Project Summary & Skills Used

Team Members

Project Title

Urban Shift: Visualizing U.S. Housing Market Behavior Through Time-Series Analytics & Geographic Clustering

Description

Urban Shift is an interactive housing analytics platform built in Java and Vaadin. Users can explore long-term home and rental price trends for any U.S. county and view nationwide growth clusters on a fully interactive map. The system processes Zillow’s ZHVI and ZORI datasets, computes percent-change growth for selected time windows, and uses K-Means clustering to reveal spatial housing trends across the United States.

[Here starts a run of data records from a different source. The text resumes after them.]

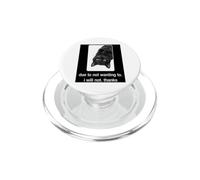 Negro Humor de Gato Perezoso Debido a no querer no Gracias PopSockets PopGrip para MagSafe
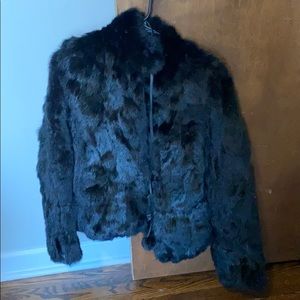 Wilson’s Leather Maxima Rabbit Fur Coat size Small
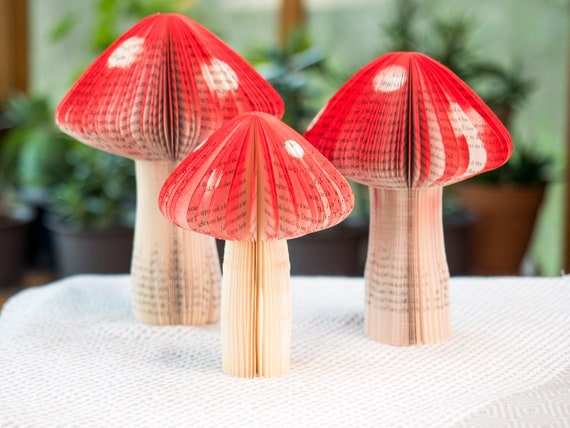 Mushroom Decor Book Themed Gift Woodland Nursery Decor Mushroom Party Decor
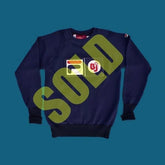 1/1 Fila BJ Bjorn Borg Oversized Logo Heavy Knit Sweater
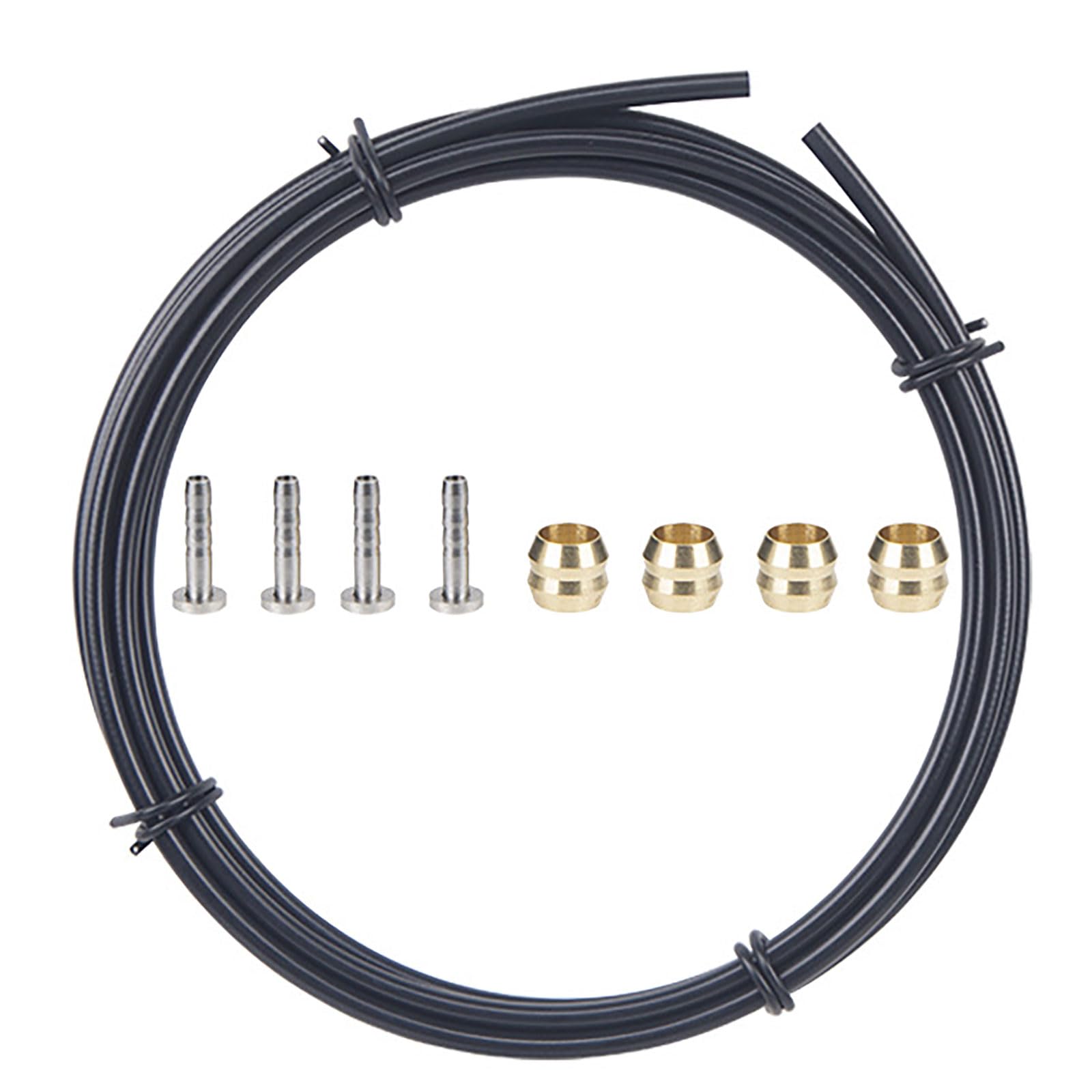 MORYTRADE Hydraulic Brake Hose Shimano BH90 2.5m Insert/Olive 4 Pairs (BH90) Black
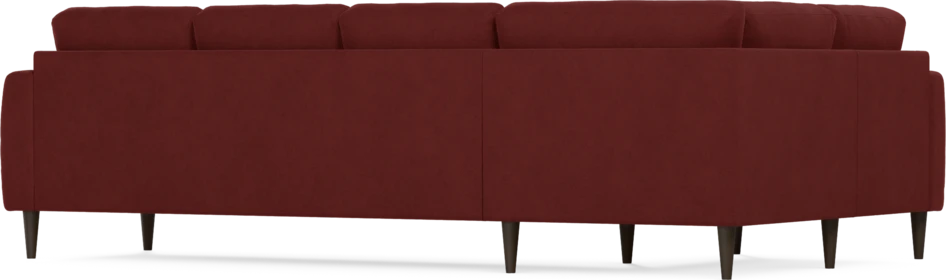 Eden - Hörnsoffa, 1+3-sits - Röd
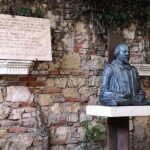 Bust of Shakespeare in Verona at the tomb of Giulietta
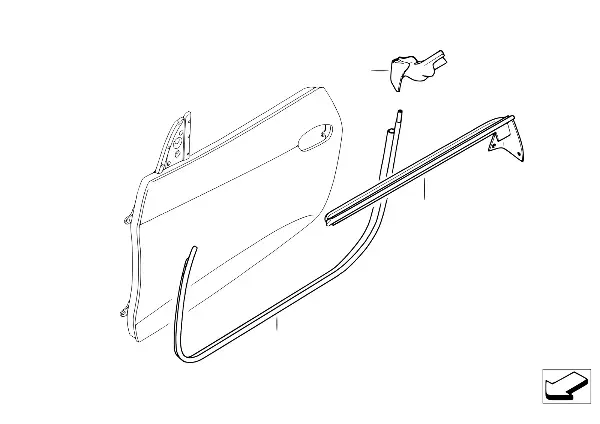 Vedante da porta dianteiro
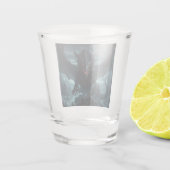 Donkere, middeleeuwse draak shot glas (Achterkant)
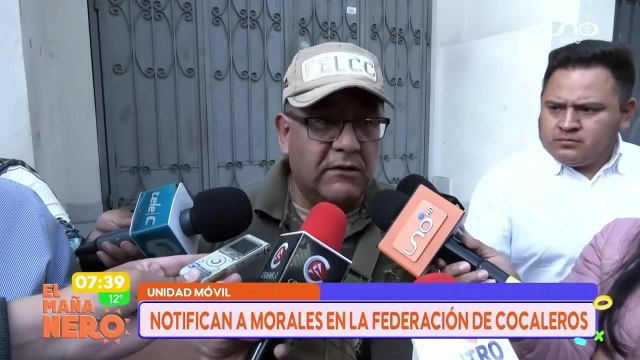 Evo Morales recibe la notificación de la Policía para declarar en la sede de los cocaleros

Industrial Engineering Context

The project aligns with IE concepts related to data-driven decision support, time-series analysis, geospatial visualization, and classification modeling. It demonstrates how real estate market data can be transformed into actionable visual insights for planning, forecasting, and resource allocation.

Skills Practiced

Custom Java class design, modular architecture, and debugging
Working with large datasets using Tablesaw
Implementing machine learning through SMILE K-Means
JSON handling with Jackson
Building UI components and client–server interactions in Vaadin 24
Integrating external JavaScript (Leaflet) due to Vaadin’s missing map support
Resolving real-world issues such as inconsistent date formats and FIPS code mismatches
GitHub-based collaboration, versioning, and merging team contributions

Project Development Process

Urban Shift began as a simple trend-viewer for Zillow housing data.We had had 2 git projects TFP1 and TFP2. TFP1 served as our experimentation and learning phase: we tested date melting, growth metrics, clustering approaches, and experimented with parsing messy real-world datasets. Many of these early files were not used directly, but they helped us understand how Zillow formats its time-series data and how to reliably clean and transform it.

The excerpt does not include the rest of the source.